DATA EXCERPT =
******

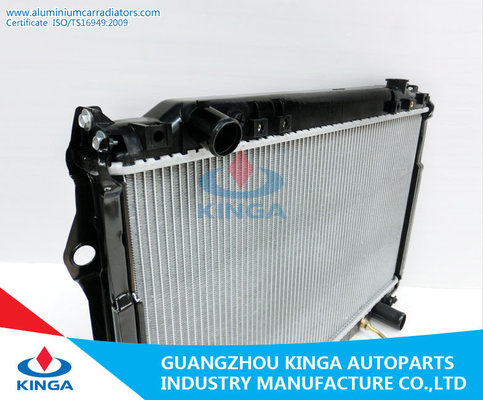 De Verticale Radiators LANDCRUISER 96 - 98 van Toyota BIJ PA &amp; PC 32mm/36mm/48mm/49mm leverancier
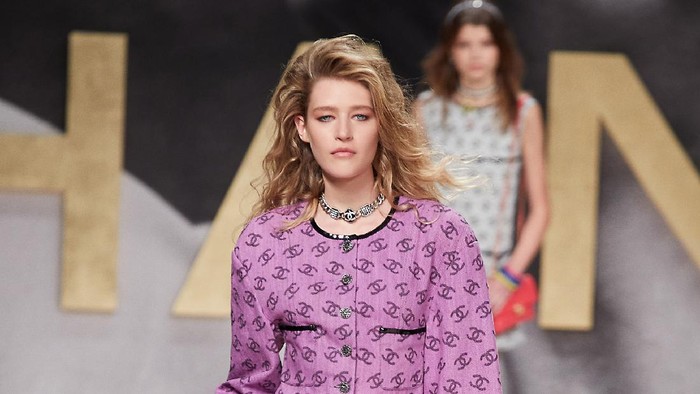 Lupakan Tren Y2K, Saatnya Kembali Bernostalgia dengan Fashion ala Era '80an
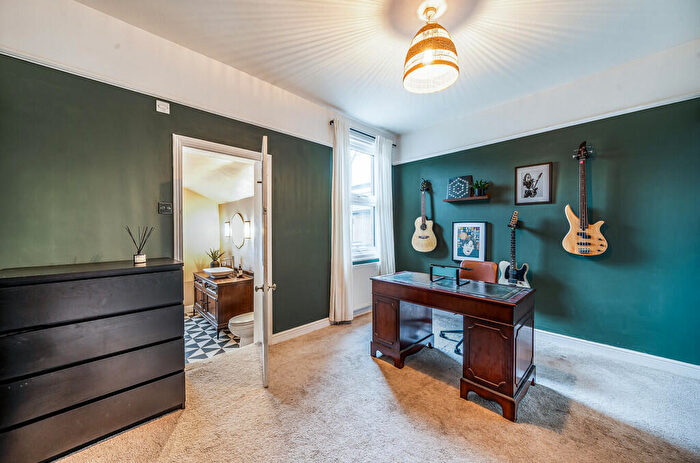 2 Bedroom Cottage For Sale In West Street, Carshalton, SM5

******

ASSIGNMENT = The task calls for duplicating the data exactly, with no images kept.

REPLY =
 De Verticale Radiators LANDCRUISER 96 - 98 van Toyota BIJ PA &amp; PC 32mm/36mm/48mm/49mm leverancier
 Lupakan Tren Y2K, Saatnya Kembali Bernostalgia dengan Fashion ala Era '80an
 2 Bedroom Cottage For Sale In West Street, Carshalton, SM5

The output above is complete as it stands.